What you need to do ::
Since the records include pictures, leave those out while you reproduce exactly and only the lines from the one containing "The reason we" through the one containing "It's available in", inclusive.

Provided data ::

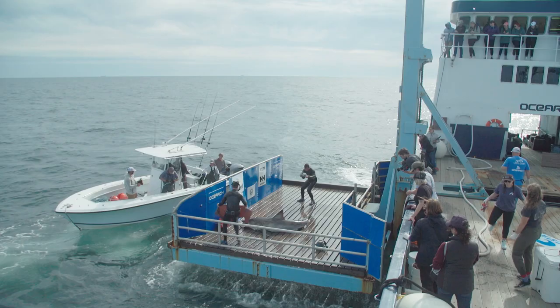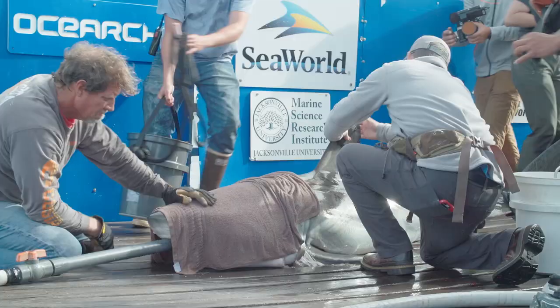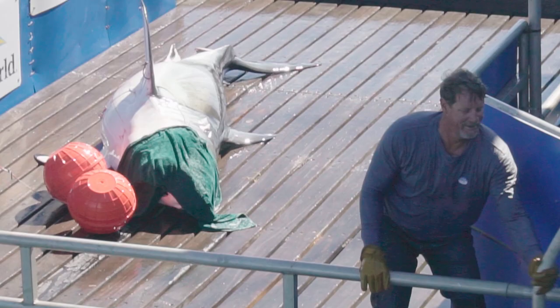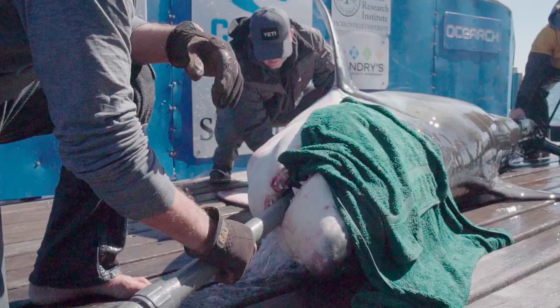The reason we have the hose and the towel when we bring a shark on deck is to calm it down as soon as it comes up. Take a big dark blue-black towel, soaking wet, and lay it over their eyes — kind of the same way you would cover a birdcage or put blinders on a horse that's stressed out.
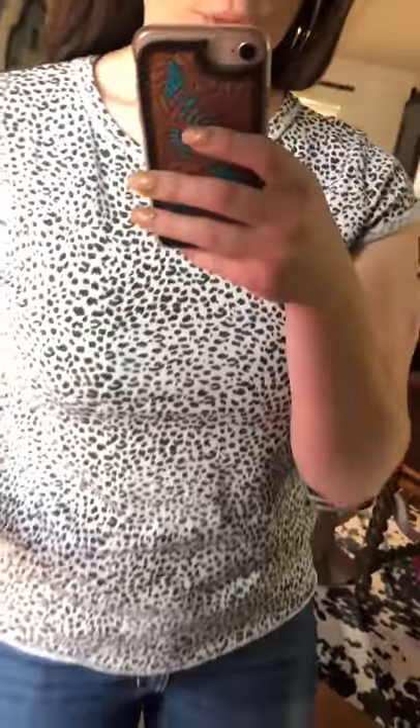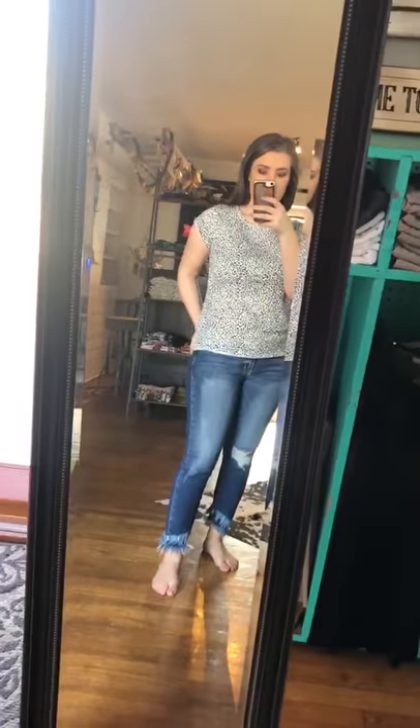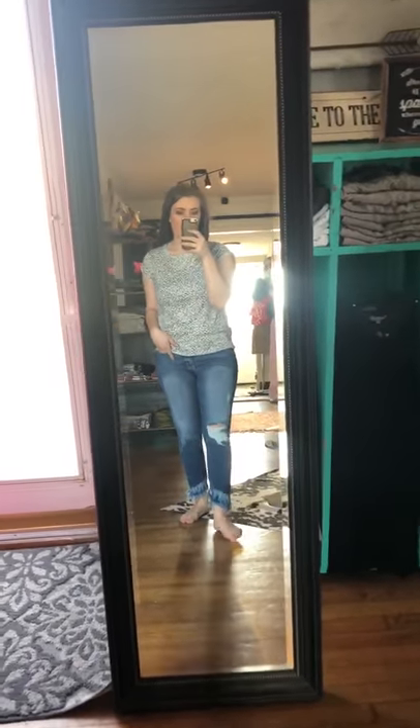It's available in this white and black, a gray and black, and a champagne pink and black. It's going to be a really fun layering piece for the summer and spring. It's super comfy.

...

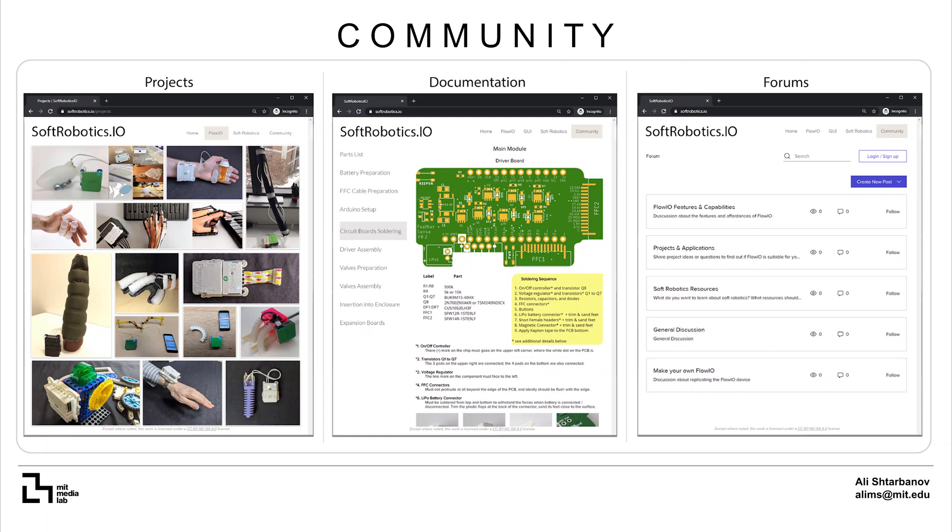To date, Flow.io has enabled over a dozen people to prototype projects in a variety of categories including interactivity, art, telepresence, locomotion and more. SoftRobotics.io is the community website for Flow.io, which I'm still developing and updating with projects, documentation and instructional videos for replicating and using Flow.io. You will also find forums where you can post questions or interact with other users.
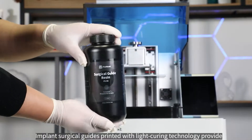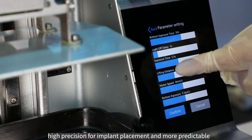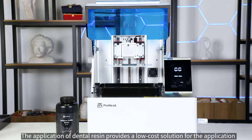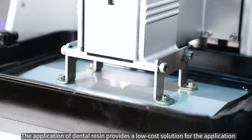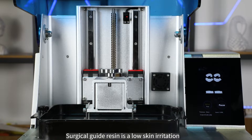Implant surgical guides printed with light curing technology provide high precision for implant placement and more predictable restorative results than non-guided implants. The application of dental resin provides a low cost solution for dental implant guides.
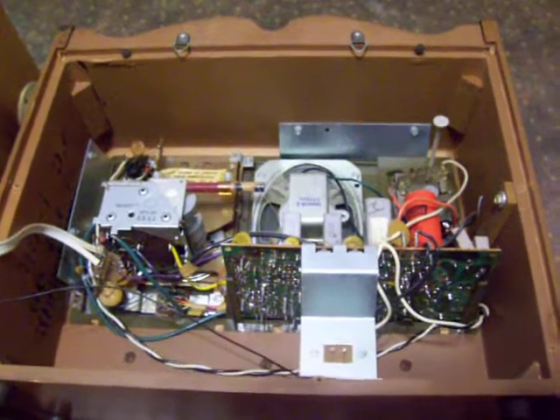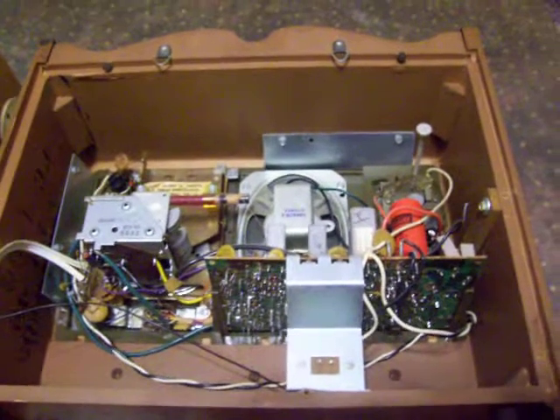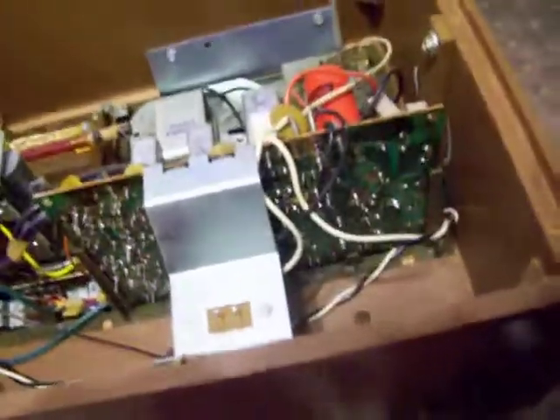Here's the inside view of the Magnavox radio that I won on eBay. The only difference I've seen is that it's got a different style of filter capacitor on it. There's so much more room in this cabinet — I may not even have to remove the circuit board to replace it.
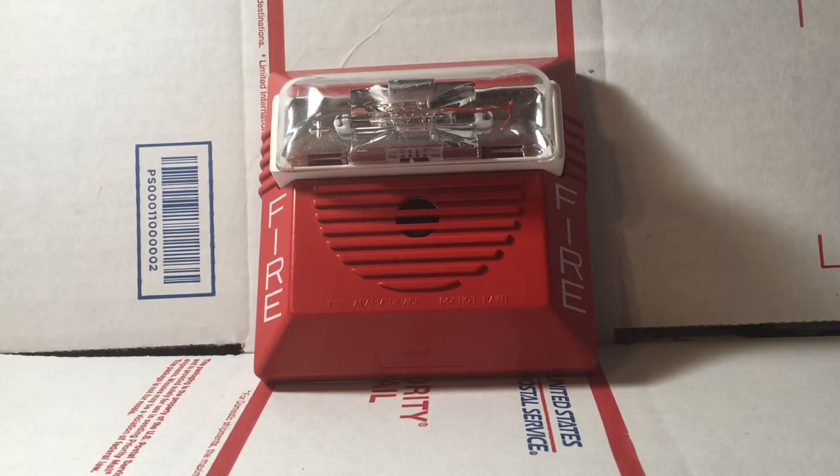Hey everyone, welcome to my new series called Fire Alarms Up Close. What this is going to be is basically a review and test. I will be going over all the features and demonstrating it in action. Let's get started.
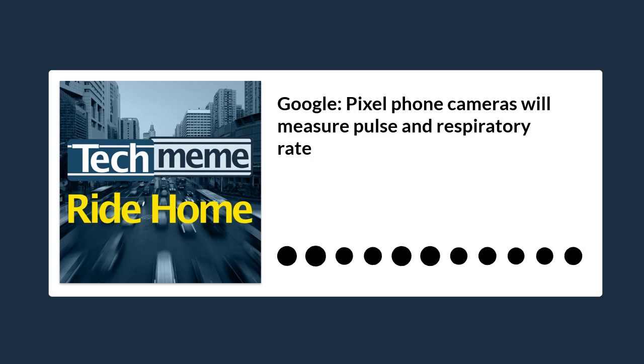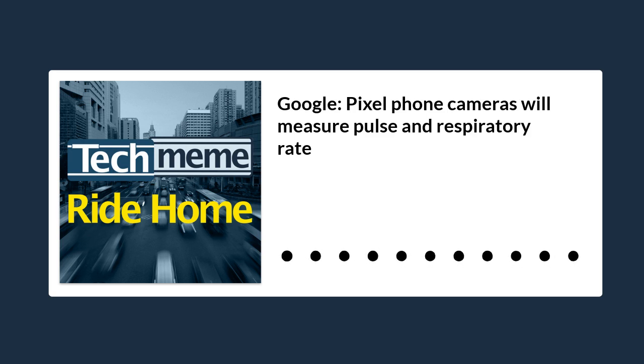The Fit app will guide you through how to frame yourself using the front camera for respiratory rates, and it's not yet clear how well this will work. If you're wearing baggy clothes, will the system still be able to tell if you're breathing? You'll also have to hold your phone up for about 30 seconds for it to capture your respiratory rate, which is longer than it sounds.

Solution for this task ::
The reason we have the hose and the towel when we bring a shark on deck is to calm it down as soon as it comes up. Take a big dark blue-black towel, soaking wet, and lay it over their eyes — kind of the same way you would cover a birdcage or put blinders on a horse that's stressed out.
It's available in this white and black, a gray and black, and a champagne pink and black. It's going to be a really fun layering piece for the summer and spring. It's super comfy.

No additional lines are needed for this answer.